The FE of OnTrack has 5 pages.
Table of contents:
- (image) Light/Dark mode toggle
- (image) Log Out
- (image) Button to Task Create page
- (image) Button to Task Index page
- (image) Button to User Dashboard page
This page appears for users who are not logged in. Users see a button to log in with Google, a button to create an account, and a small form to log in with their existing credentials.
All other pages are only accessible to users who are logged in. Attempting to access them manually through the url or through the navigation buttons will redirect user back to the Login Page with the flash message: “Please Log In”
This is the homepage for logged in users.
(screenshot) User sees three buttons with facial expressions representing mood. The user’s currently selected mood is whichever button is framed.
(Describe how holidays/birthdays are shown, have screenshots, and code snippets)
Users see a sticky note on their dashboard. On the sticky note is:
- A task’s name, which links to its associated edit page
- The task’s description, if it has one
- A button to “Skip”
- A button to mark the task is “Complete”
The task that appears on the dashboard is chosen by an algorithm in the backend, which is affected by the current mood selected by the user on this page. When the user selects a mood, it saves that mood as a cookie in the front end. This cookie is used as a query param when accessing the backend server for tasks.

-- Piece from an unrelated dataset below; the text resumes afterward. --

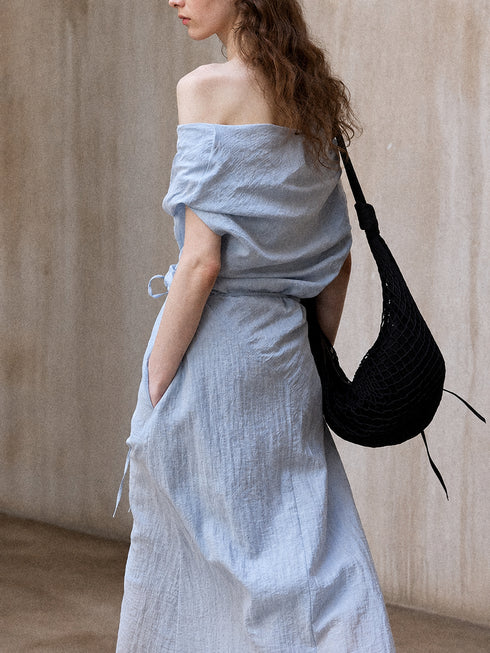 Tess Knot Dress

insert code snippet of the cookie implementation here
See the BE Mood Endpoint Docs for more information.
When a user either chooses to mark a task as skipped or completed, this goes through the TasksController update action. If the task frequency is "once" it will be redirected to the destroy action
code snippet
Tasks that are not destroyed are instead updated on the backend with a timestamp for their completion date. The backend algorithm uses this information when determining how often to prompt daily, weekly, monthly, and annual tasks to the user. See the BE daily tasks endpoint docs for more information
After (time), the dashboard will no longer prompt tasks and instead suggest the user rest for the evening.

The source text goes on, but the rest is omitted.